The Six Attributes of Unhealthy Conversations work by Google Research, University of Oxford, University of South Carolina, and others, established more intricate guidelines to ensure the quality of their labels:
- With regards to the subjective nature of their labels, they address it as such:
  
  The inherent subtlety, subjectivity, and frequent ambiguity of the attributes covered in this dataset make crowdsourcing quality attribute labels an unavoidably difficult process. Typically the goal in an annotation task would simply be to maximise agreement between the multiple annotators of each comment. However, when the annotation task is inherently subjective and meaningful difference of opinion is itself valuable data, the goal becomes instead to maximise common understanding of the task across annotators. This entails tailoring the phrasing of the questions put to annotators, so as to create as common an understanding as possible of what each question is really asking. This way, disagreement between annotators reflected in the dataset will represent different reasonable readings of the same comment which are themselves important to capture.

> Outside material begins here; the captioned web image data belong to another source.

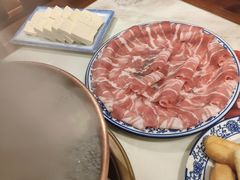 -宣武小院涮肉(前门店)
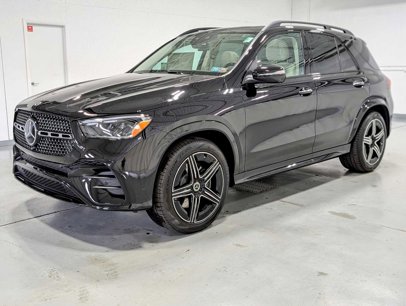 Used 2025 Mercedes-Benz GLE 350 4MATIC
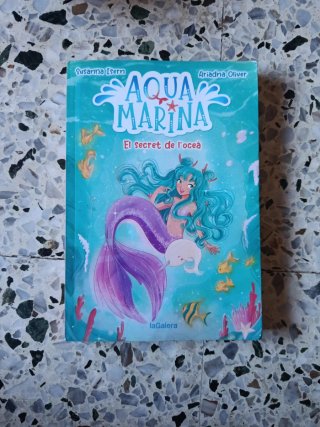 Aqua Marina. El secret de l'oceà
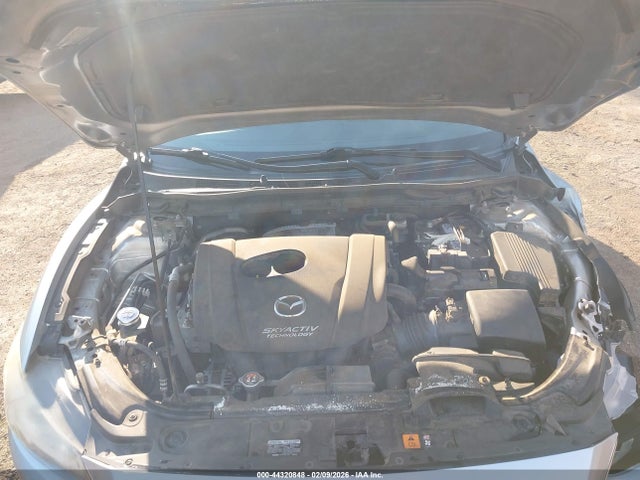 Aukcja sprzedaży 2017 Mazda Mazda6 Touring, vin: JM1GL1V55H1131849, numer aukcji: 44320848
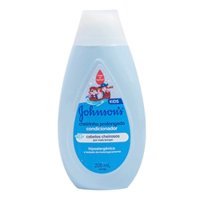 Condicionador Johnson Baby 200ml Cheiro Prolongado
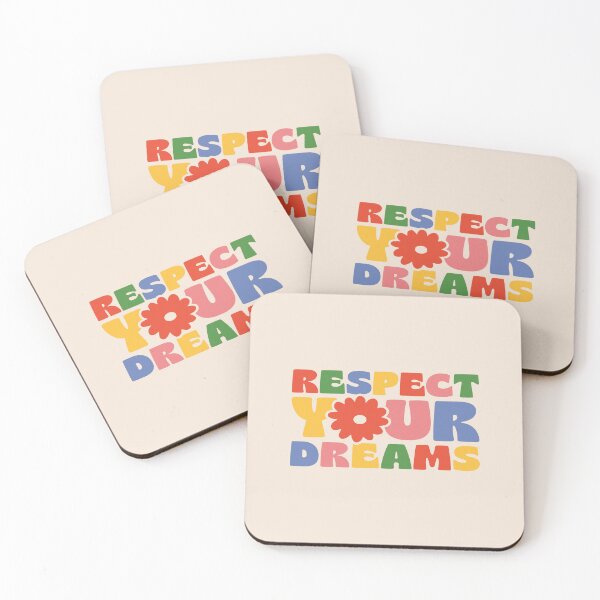 Item preview, RESPECT YOUR DREAMS designed and sold by asymmetrickid.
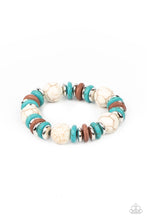 Load image into Gallery viewer, Paparazzi Bracelet - Rustic Rival - Multi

- With regards to prompting for correctness from the annotators, they define an approach that relies on establishing "trustworthiness scores":
  
  Our primary quality control mechanism was to collate a set of ‘test comments’, for which we had manually established the correct answers. Annotators encountered one test comment per batch of seven comments they reviewed, without knowing which of the seven was the test comment, and their running accuracy on these test comments was defined as their ‘trustworthiness score’. The task required that annotators maintain a trustworthiness score of more than 78%. If an annotator dropped below this level, they were removed from the annotator pool for this task, and all of their prior annotations were discarded. The removed ‘bad’ annotator judgements were replaced by newly collected trusted judgements as necessary.
Be prepared to work with limitations and constraints for which no workaround is seemingly plausible:
- Social posts contain transliterations, abbreviations, interjections, language for which no tokenizer is equipped with the right vocabulary, small talk that provides little to no context from which to infer remotely accurate predictions, terms and expressions that rise in popularity as quickly as they are forgotten, and overall human written expression at its most deliberate and raw and unrestricted form.
- Aim to reflect the size range of your target inputs:
  - 19.6% of instances in the emotion dataset used by CardiffNLP fall between 118 and 134 number of characters. It is the largest proportion, followed by 13.8% ranging between 134 and 150 characters. In contrast, the largest proportion of posts on Farcaster is less than 20 characters long.
  - The Human ChatGPT Comparison Corpus (HC3) from Hello-SimpleAI strays the furthest in terms of the number of characters. It clearly did not prompt neither the human answers nor the ChatGPT ones for brevity. In fact, the sustained verbose eloquence is a strong feature indicative of LLM-generated content, which introduces added complexity in detecting it within the often short social posts.